もしも日焼け止めクリームを買うとしたら、「若々しい肌を保つ」と「皮膚がんの予防」のどちらを頭に浮かべて商品を選ぶでしょうか。この2つの購入目標は、前者は望ましい結果を得ることに、後者は望ましくない結果を避けることに焦点が置かれているという点で異なります。どちらに焦点が当てられているかによって消費者行動が異なることが予想されますが、この現象を説明する理論が、心理学者のヒギンズによって提唱された「制御焦点理論」です【註1、註2】。この理論は、消費者行動が目標によって導かれるという考え方に基づいており、さまざまな消費者行動をとてもよく説明できることで知られています。
制御焦点理論とは
制御焦点理論によると、人が追求する目標には理想と義務があり、どちらが設定されるかによって自分の行動を制御するシステム、すなわち自己制御システムが異なってきます。このシステムには促進焦点と予防焦点の2タイプがあります。理想は希望や願望であり、理想の実現が目標になる場合には促進焦点が働きます。

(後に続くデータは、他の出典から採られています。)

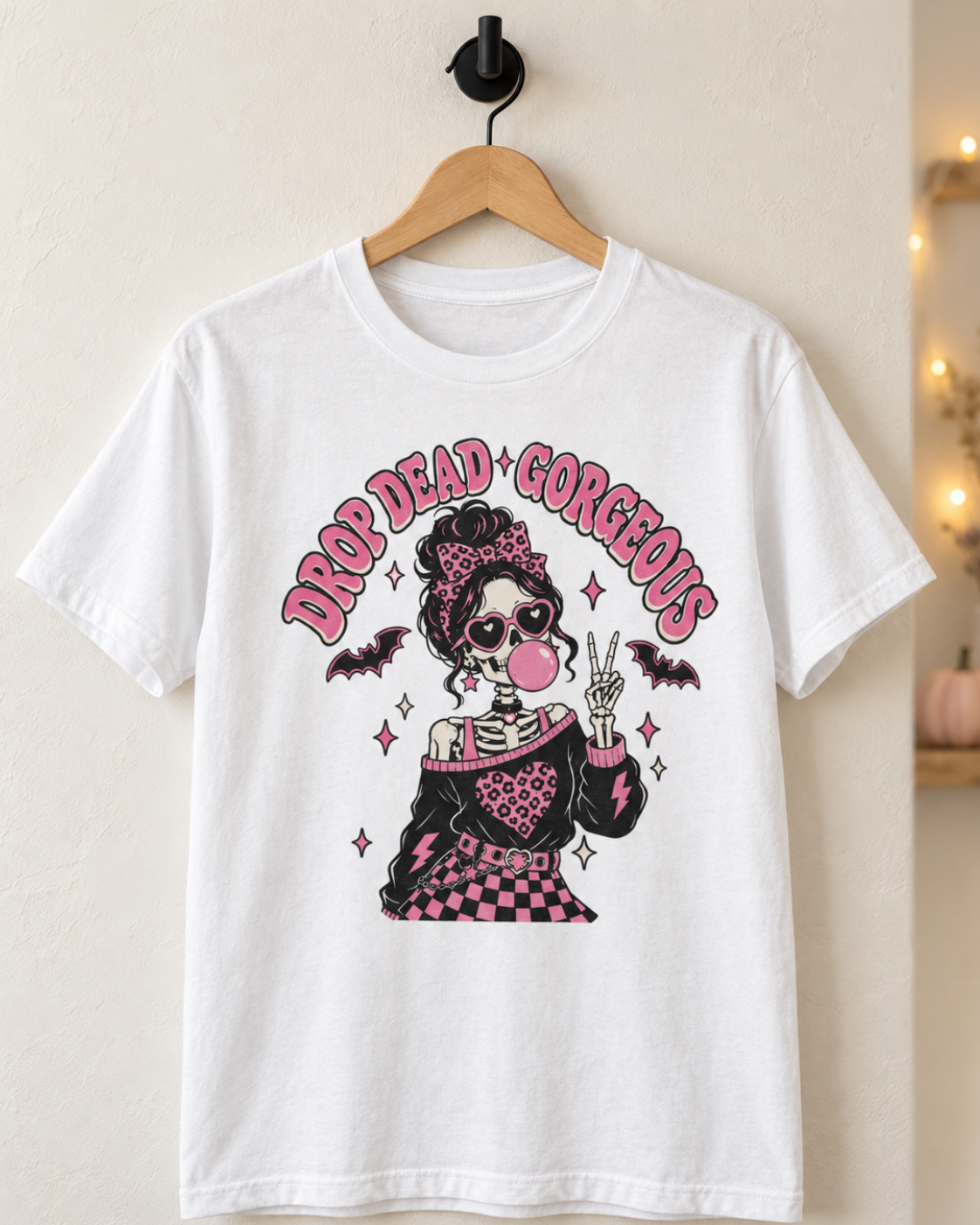 White Drop Dead Gorgeous skeleton Halloween T-shirt displayed on a wooden hanger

将来のことを考え、達成や成功などのポジティブな結果が得られることを期待するので、それが達成できれば幸福感や満足感が、達成できなければ失望や落胆が生じます。
他方で、義務は為すべきことや責任であり、義務の達成が目標になる場合には予防焦点が働きます。保護や安全を確保し、ネガティブな結果を回避することを期待するので、それが避けられればリラックスした平穏な気持ちになりますが、避けられなければ緊張や不安が生じます。
つまり、促進焦点と予防焦点のどちらのシステムがより強く働くかによって、注意が向けられる情報、対象の評価、および選択が異なってくることになります。誰でも両方のシステムを持っていますが、性格や状況によって強く働くシステムが異なってきます。
行動のフィット感について
通常、自己制御システムに合った行動をとるとしっくりくる気がします。この感覚は「制御フィット感」と呼ばれ、このフィット感があるときの行動は真剣に取り組むことができ、自己制御が強化されます【註3】。したがって、促進焦点システムが働いている場合にはポジティブな結果とつながる行動を、予防焦点システムが働いている場合には損失やミスを避ける行動をとったときに、制御フィット感が得られ、自己満足も上昇することになります。